Corazón negro

Para los cazadores, especialmente para los europeos acostumbrados a la fauna apacible de nuestro continente y a sus dimensiones modestas, África ha sido siempre el Shangri-la de la cinegética, el territorio vasto y feraz de grandes presas en el que se prueba el verdadero temple de cada depredador. Impregnados del romanticismo de películas como Hatari! y de la era dorada de las expediciones de descubrimiento, son muchos los que han viajado al continente negro a la búsqueda de aquello para lo que el gran explorador Richard Francis Burton empleo el término en swahili que significa viaje: safari, una mezcla de cacería, aventura y encuentro con los horizontes infinitos de la sabana.

Sin embargo, la rapacidad de los furtivos o la explotación incontrolada de la fauna africana como medio de diversión o deporte puso en peligro a muchas de esos grandes animales que pueblan nuestros sueños de aventura, sean leones, elefantes, rinocerontes o más modestos ñus y antílopes. Y con el objeto de acotar esas prácticas insostenibles, se han creado cotos controlados, en los que el dinero por cobrarse piezas sirve para el mantenimiento del ecosistema y sus probadores, al menos en la medida en que lo permiten sistemas no siempre muy transparentes de gestión, o parques naturales en los que se viaja ya no por el placer de las armas, sino con objetivos más incruentos como contemplar y fotografiar a los animales y conocer a las tribus ancestrales de países como Kenya, Tanzania, Botswana o Sudáfrica.

Estereotipado ya como uno de los grandes géneros de viaje, el safari ha dejado de ser una opción muy exclusiva, solo al alcance de los muy pudientes, para encontrarse en ofertas de turismo para un público general y desarrollarse como una de las principales industrias de estos lugares. Y es que si bien, como cualquier tipo de viaje, un safari puede hacerse por libre, contactando con operadores en el destino y buscándose la vida, hay que ser un viajero muy rico o curtido para moverse con soltura por África.
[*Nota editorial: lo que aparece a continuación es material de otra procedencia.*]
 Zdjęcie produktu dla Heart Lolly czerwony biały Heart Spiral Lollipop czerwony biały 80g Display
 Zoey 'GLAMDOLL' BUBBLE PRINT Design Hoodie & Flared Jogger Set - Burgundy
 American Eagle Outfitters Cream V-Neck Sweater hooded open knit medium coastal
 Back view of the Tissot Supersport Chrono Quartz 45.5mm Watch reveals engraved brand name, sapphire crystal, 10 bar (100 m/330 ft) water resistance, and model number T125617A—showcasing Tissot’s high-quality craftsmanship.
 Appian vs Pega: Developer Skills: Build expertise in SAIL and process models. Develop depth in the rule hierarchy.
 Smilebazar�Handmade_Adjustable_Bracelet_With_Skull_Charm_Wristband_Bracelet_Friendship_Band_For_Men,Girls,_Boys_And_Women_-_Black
La opción de contratar los servicios de antemano parece la más razonable. Pero dado que han proliferado las posibilidades alternativas que ofrecen las compañías especializadas, habrá que pensar qué, dónde y cómo es lo que más apetece.

Los clásicos, desde luego, no han perdido tirón: la reserva nacional de Masai Mara en Kenya, el parque nacional del Serengeti en Tanzania o el Kruger sudafricano siguen siendo los focos más concurridos y bien organizados turísticamente. Pero cerca de ellos han emergido propuestas como las de los safaris a pie de Tanzania, que permiten un contacto mucho más estrecho con el terreno y una cercanía a la flora y fauna realmente incomparable. Gente como la de Norman Carr lleva más de medio siglo organizándolos, pero enclaves como el South Luangwa National Park permiten planes y alojamientos para todos los presupuestos.
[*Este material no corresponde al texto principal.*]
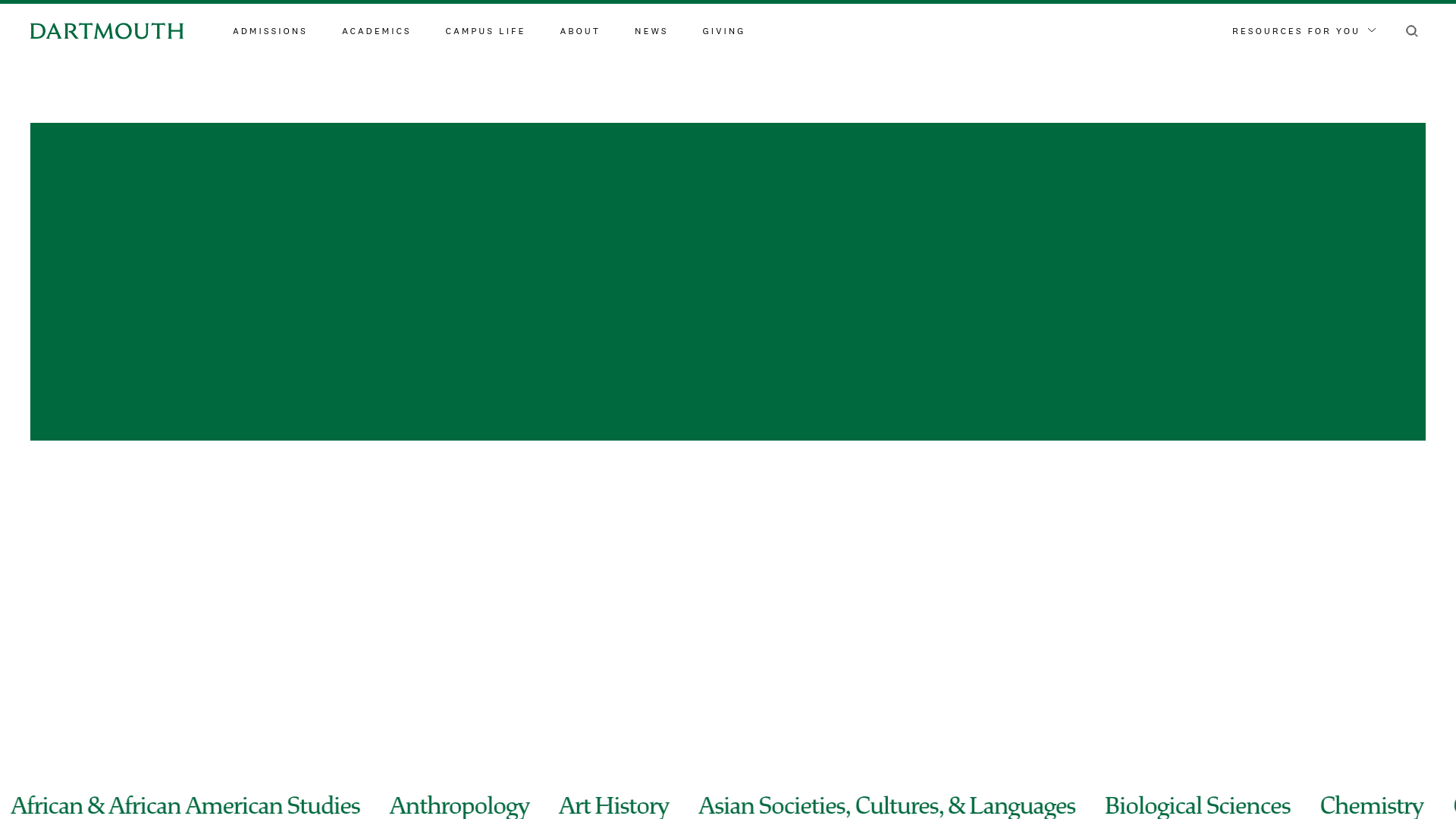 website screenshot of https://www.dartmouth.edu/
El Parque nacional de Chobe, en Botswana, es otro destino pujante y que se sale de los caminos más trillados. Ofrece la garantía de avistar a algunos de los cientos de elefantes que refugia o de los muchos hipopótamos que se bañan en sus aguas.
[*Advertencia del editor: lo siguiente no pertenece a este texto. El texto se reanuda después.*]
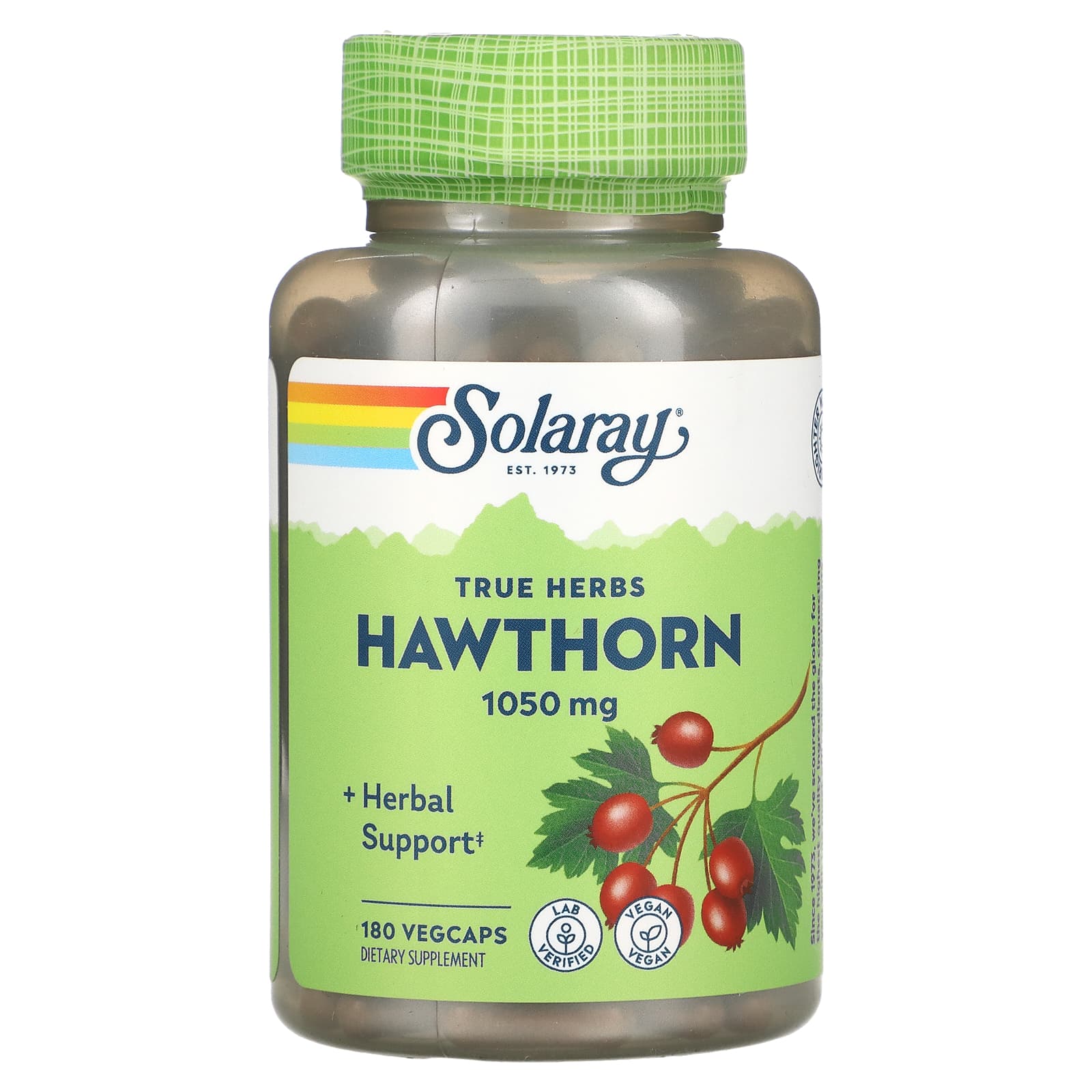 Solaray-Hawthorn-1,050 mg-180 VegCaps (525 mg per Capsule)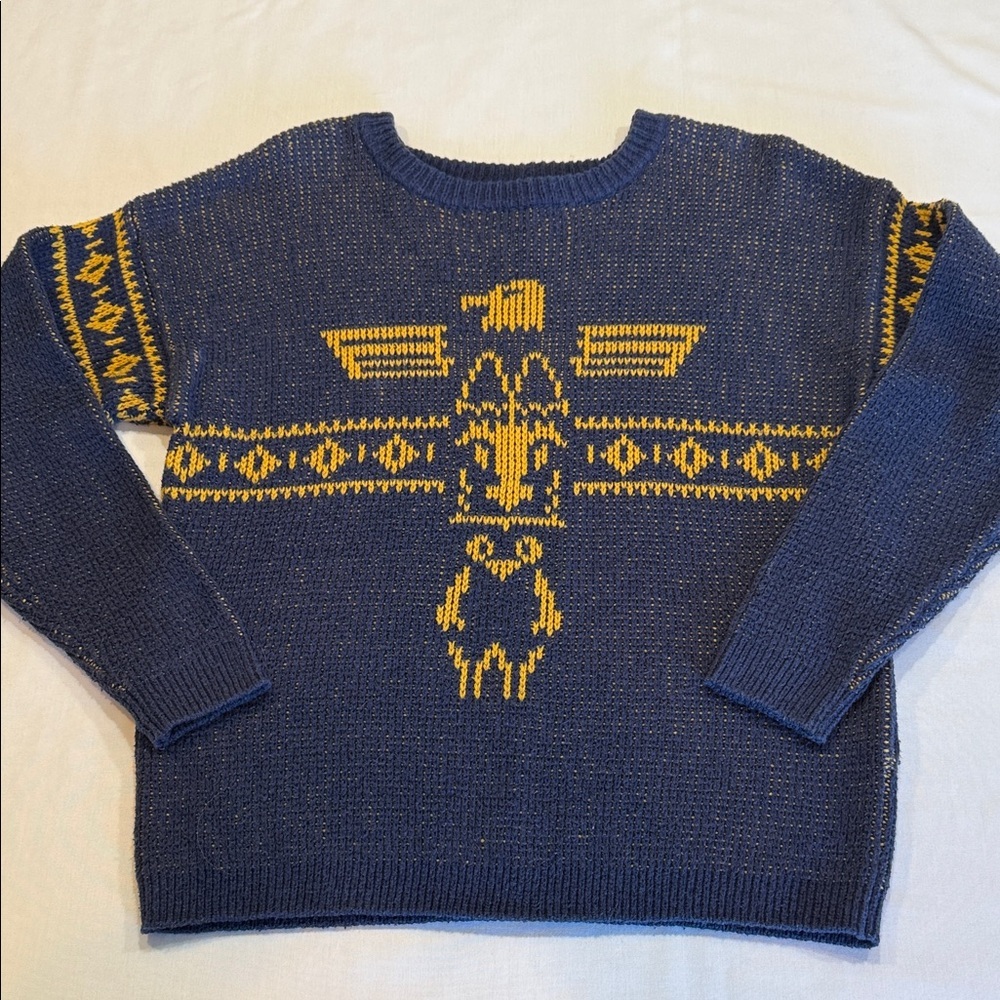 Levi's Graphic Thunderbird Totem Knit Crewneck Sweater Eagle Tribal Southwestern - Picture 2 of 9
Aunque quienes de verdad buscan alejarse de lo más frecuentado y tópico –vamos, todo lo tópico que pueda haber en un viaje de por sí insólito y privilegiado- han encontrado en las planicies áridas de Namibia y en las selvas de Uganda dos de sus lugares de peregrinación. El parque Etosha namibio se precia de tener un entorno sereno y poco explotado, con muchas charcas en las que con suerte puede hasta verse algún guepardo y en el que habitan algunos de los postremos rinocerontes negros de África. Mientras, la reserva de Bwindi, ya reconocida como patrimonio de la humanidad, es el hogar de la mitad de los gorilas de montaña que hay en el mundo, además de tener una jungla virgen tan espesa como para haberse ganado el sobrenombre de impenetrable.